Posted: Mon Oct 17, 2016 1:20 pm
by skakos
In May 1997, an IBM supercomputer known as Deep Blue beat then chess world champion Garry Kasparov, who had once bragged he would never lose to a machine. Kasparov and other chess masters blamed the defeat on a single move made by the IBM machine. At the beginning of the second game the computer made a sacrifice that seemed to hint at its long-term strategy. Kasparov and many others thought the move was too sophisticated for a computer, suggesting there had been some sort of human intervention during the game. “It was an incredibly refined move, of defending while ahead to cut out any hint of countermoves”, grandmaster Yasser Seirawan told Wired in 2001, “and it sent Garry into a tizzy”.

Fifteen years later, one of Big Blue’s designers says the move was the result of a bug in Deep Blue’s software. Murray Campbell, one of the three IBM computer scientists who designed Deep Blue, said that the machine was unable to select a move and simply picked one at random. (source)

A random move.
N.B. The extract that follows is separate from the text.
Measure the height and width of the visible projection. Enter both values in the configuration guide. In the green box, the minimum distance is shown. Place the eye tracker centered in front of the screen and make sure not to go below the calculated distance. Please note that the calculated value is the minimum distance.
Regarded as one of the wisest ever.

But what is "random"? How can such a move, conducted by a programmed algorithm be "random" in any way? Someone programmed this chess program, someone built its circuits. Someone trained it. Someone debugged it. (probably not too successfully) Even though the move seems random, it is actually the deterministic result of many actions designed by conscious beings...

What do you think? Do you BELIEVE in random?
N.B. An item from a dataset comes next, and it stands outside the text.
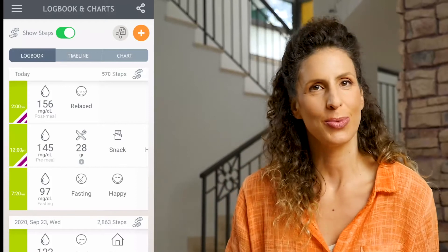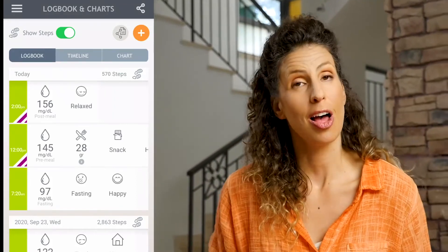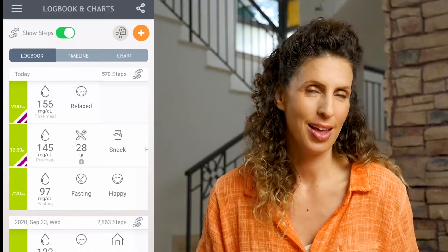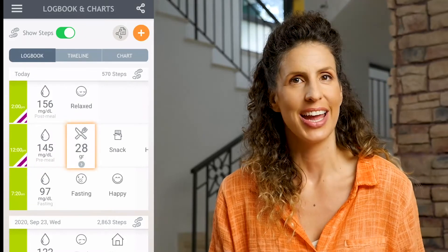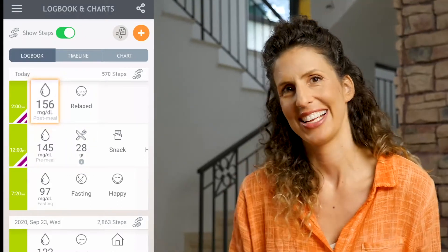Welcome back! I took my post-meal reading and you can see from the logbook that I tagged it as post-meal. Now I have a clear picture of my blood sugar before I ate, how many carbs I ate, and my blood sugar now after I eat. I'm happy with my post-meal number, but when you see a number higher than your post-meal target blood sugar range, take a moment to examine what you ate and the total carb value. Over time you will learn which foods spike your blood sugar level and which foods help you stay in your healthy range. Testing around meals gives you valuable insight into your diabetes management and is a great way to reach your health goals.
Re: Random: Does it exist? [The example of Deep Blue]

Posted: Mon Oct 17, 2016 3:02 pm
by OuterLimits
Pre-quantum, every "random" result - like a dice roll - was understood to be the outcome of deterministic processes. Randomness can't be demonstrated to exist - all you can do is exhaust your resources in attempts to find a pattern. Software does things more and more that no programmer understood or chose. Routines can evolve to optimize in ways nobody understands.

Re: Random: Does it exist? [The example of Deep Blue]
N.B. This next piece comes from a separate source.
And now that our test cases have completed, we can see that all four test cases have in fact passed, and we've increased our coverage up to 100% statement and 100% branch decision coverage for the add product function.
Posted: Mon Oct 17, 2016 3:19 pm
by Noax
I consider the famous chess match somewhat rigged. Kasparov was not allowed to train for the event in the way that Big Blue was. Knowing your opponent is a significant part of a high level match. I'm surprised Kasparov agreed to the terms.

The move in question was randomly selected not from all possible moves, but from a fairly short list of good ones, none of which stood out from the others.
skakos wrote:But what is "random"? How can such a move, conducted by a programmed algorithm be "random" in any way? Someone programmed this chess program, someone built its circuits. Someone trained it. Someone debugged it. (probably not too successfully) Even though the move seems random, it is actually the deterministic result of many actions designed by conscious beings...
All reasonable chess programs have randomness built in, especially in early moves, else they could be effortlessly beaten. There is nothing magical about how it works. It simply uses some trivial deterministic algorithm based on the time of day or something. It is not an example of true randomness, something of which a chess program has no need.
What do you think? Do you BELIEVE in random?
Different question. I do and don't depending on your definition. Radioactive decay seems to be a random thing, uncaused. Depends on how you frame the events, and how you interpret the physics behind it.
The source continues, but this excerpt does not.